If relations with the North were now to be so "frank and cordial," there was, indeed, little remaining hope possible to English friends of the South. Bright wrote to Sumner: "Neutrality is agreed upon by all, and I hope a more fair and friendly neutrality than we have seen during the past two years[1122]." George Thompson, at Exeter Hall, lauding Henry Ward Beecher for his speech there, commented on the many crowded open public meetings in favour of the North as compared with the two pro-Southern ones in London, slimly and privately attended[1123]. Jefferson Davis, in addressing the Confederate Congress, December 7, was bitter upon the "unfair and deceptive conduct" of England[1124]. Adams, by mid-December, 1863, was sure that previous British confidence in the ultimate success of the South was rapidly declining[1125].

Such utterances, if well founded, might well have portended the cessation of further Southern effort in England. That a renewal of activity soon occurred was due largely to a sudden shift in the military situation in America and to the realization that the heretofore largely negative support given to the Southern cause must be replaced by organized and persistent effort. Grant's victorious progress in the West had been checked by the disaster to Rosencrans at Chicamauga, September 18, and Grant's army forced to retrace its steps to recover Chattanooga. It was not until November 24 that the South was compelled to release its grip upon that city. Meanwhile in the East, Lee, fallen back to his old lines before Richmond, presented a still impregnable front to Northern advance. No sudden collapse, such as had been expected, followed the Southern defeats at Vicksburg and Gettysburg. Again the contest presented the appearance of a drawn battle. Small wonder then that McHenry, confident in his statistics, should now declare that at last cotton was to become in truth King[1126], and count much upon the effect of the arguments advanced in his recently published book[1127]. Small wonder that Southern friends should hurry the organization of the "Southern Independence Association." Seeking a specific point of attack and again hoping for Tory support they first fixed their attention on the new trial of the Alexandra, on appeal from the decision by the Chief Baron of the Court of Exchequer. On December 4, Lindsay wrote to Mason that he had daily been "journeying to town" with the "old Chief Baron" and was confident the Government would again be defeated--in which case it would be very open to attack for the seizure of the Rams also. Nevertheless he was emphatic in his caution to Mason not to place too high a hope on any change in Government policy or on any expectation that the Tories would replace Palmerston[1128].

FOOTNOTES:

[1041] Trollope, North America, I, p. 124.

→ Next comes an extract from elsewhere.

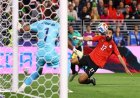 مهند لاشين يغيب عن مواجهة أستراليا في دور الـ32 بكأس العالم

[1042] Mason Papers. Spence to Mason, Jan. 3, 1863. Liverpool.

[1043] The Index, Jan. 29, 1863, p. 217. The active agent in control of the Index was Henry Hotze, who, in addition to managing this journal, used secret service funds of the Confederacy to secure the support of writers in the London press. He was in close touch with all the Southern agents sent to Europe at various times, but appears never to have been fully trusted by either Mason or Slidell. In 1912-13 I made notes from various materials originating with Hotze, these being then in the possession of Mr. Charles Francis Adams. These materials were (1) a letter and cash book marked "C.S.A. Commercial Agency, London"; (2) a copy despatch book, January 6, 1862, to December 31, 1864; (3) a copy letter-book of drafts of "private" letters, May 28, 1864, to June 16, 1865. All these materials were secured by Mr. Adams from Professor J.F. Jameson, who had received them from Henry Vignaud. Since Mr. Adams' death in 1915 no trace of these Hotze materials has been found. My references, then, to "Hotze Papers," must rest on my notes, and transcripts of many letters, taken in 1912-13. Describing his activities to Benjamin, Hotze stated that in addition to maintaining the Index, he furnished news items and editorials to various London papers, had seven paid writers on these papers, and was a pretty constant distributor of "boxes of cigars imported from Havana ... American whiskey and other articles." He added: "It is, of course, out of the question to give vouchers." (Hotze Papers MS. Letter Book. Hotze to Benjamin, No. 19, March 14, 1863.) In Hotze's cash book one of his regular payees was Percy Gregg who afterwards wrote a history of the Confederacy. Hotze complained that he could get no "paid writer" on the Times.

[1044] See ante, Ch. XI.

[1045] Lyons Papers, Feb. 14, 1863.

[1046] Mason Papers, March 18, 1863.

[1047] Pickett Papers. Slidell to Benjamin, No. 34, May 3, 1863. This despatch is omitted by Richardson.